Beyond providing a national route connecting northern ports and linked by rivers to the interior of the country, the NSR is of interest to global shipping firms as an alternative to the longer southern routes between the Far East and Europe. The journey from Yokohama to Rotterdam can be reduced by about 4,000 miles by way of the NSR. Even at lower speeds in a northern passage, the shortened distance results in a quicker voyage and decreased fuel consumption, with substantial financial savings to the shipper. At present, the Arctic shipping season is of unpredictable duration that depends on variable climate patterns. Sea and ice conditions require ships designed specifically for passage through the icy waters. The NSR will not appeal to major shipping firms as a regular route until more experience is gained and the route is upgraded with modern aids to navigation, port facilities, and search-and-rescue capabilities. Over time, those developments, with or without further retreat of the polar ice, will make the Northeast Passage a more attractive route for international shipping.
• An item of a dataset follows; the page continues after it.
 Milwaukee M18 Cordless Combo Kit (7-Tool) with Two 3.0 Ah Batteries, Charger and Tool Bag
The NSR depends upon powerful icebreakers to open routes though the ice and to escort shipping, even in the summer. Six nuclear icebreakers, four of the heavy Arktika class and two of the shallow-draft Taymyr class, maintain the NSR. In addition, major commercial enterprises have begun acquiring their own icebreaking cargo ships. In 2009, the fleet operated by Norilsk Nickel MMC accounted for nearly a million tons of shipping from Dudinka across the Kara Sea and on to the Kola Peninsula. Norilsk’s success has been followed by the introduction of similar vessels for unescorted transport of oil and natural gas in the Arctic.
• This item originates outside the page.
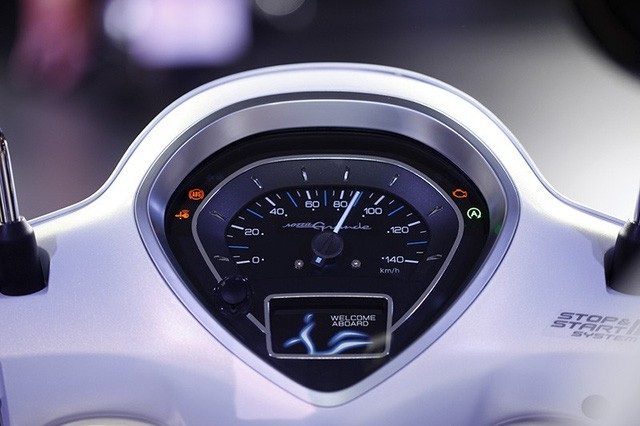 Yamaha Grande Hybrid - Sự lựa chọn tối ưu cho phái đẹp - 6 Mặt đồng hồ sử dụng công nghệ mới TFT cho khả năng hiển thị màu tốt hơn với các thông tin hữu ích hiện trên mặt xe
The Arctic watershed. Russia’s Arctic watershed comprises the Eurasian heartland and the northern coastal lands and accounts for about two-thirds of the land area of Russia. This watershed is richly endowed with natural resources. The southern part of western Siberia is a highly productive agricultural area. The region is rich in oil and coal, and the Ob and Yenisei rivers provide abundant hydroelectric power. Large deposits of iron and bauxite provide the raw materials for steel and aluminum production. The central Siberian plateau in the north is home to Norilsk Nickel, the world’s largest producer of nickel and palladium. The Lena River provides access to productive gold and diamond mines. The watershed is also home to the largest forest in the world, stretching across Siberia from the northwest to the southeast.
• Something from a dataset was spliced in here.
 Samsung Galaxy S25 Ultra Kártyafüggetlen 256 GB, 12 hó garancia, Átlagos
Vast distances, rugged terrain, frozen soil and severe climate have precluded the construction of highways and railroads in the north and northeast, but the major river systems – particularly the Ob, Yenisei, and Lena – reach throughout the watershed, from the Ural Mountains in the west, Mongolia and Kazakhstan in the south, and the mountains bordering the Pacific Ocean in the east. In the past, this potential has been blocked for all but a couple months each year during the summer thaws.

The climate of the Eurasian coast is one of the most extreme and inhospitable in the world, with winter temperatures reaching minus 40 degrees centigrade and ice on the sea as thick as two meters.  The climate takes a severe toll on port facilities, producing extreme fluctuations in river depth and flow during the summer melting season. Resupply to sustain human habitation during the long and frigid winters is expensive. Costs that were borne as security expenses during the Cold War now have to be justified on commercial grounds. As a result, many old facilities have deteriorated or been abandoned over the past two decades and need to be rebuilt from scratch. Maintenance of facilities in the region has been complicated by seasonal warming, which causes melting and refreezing of the permafrost that makes soil structurally unstable for construction. Only the most profitable commercial operations have provided sufficient economic incentives to maintain facilities along the rivers, such as at Dudinka (which services Norilsk Nickel).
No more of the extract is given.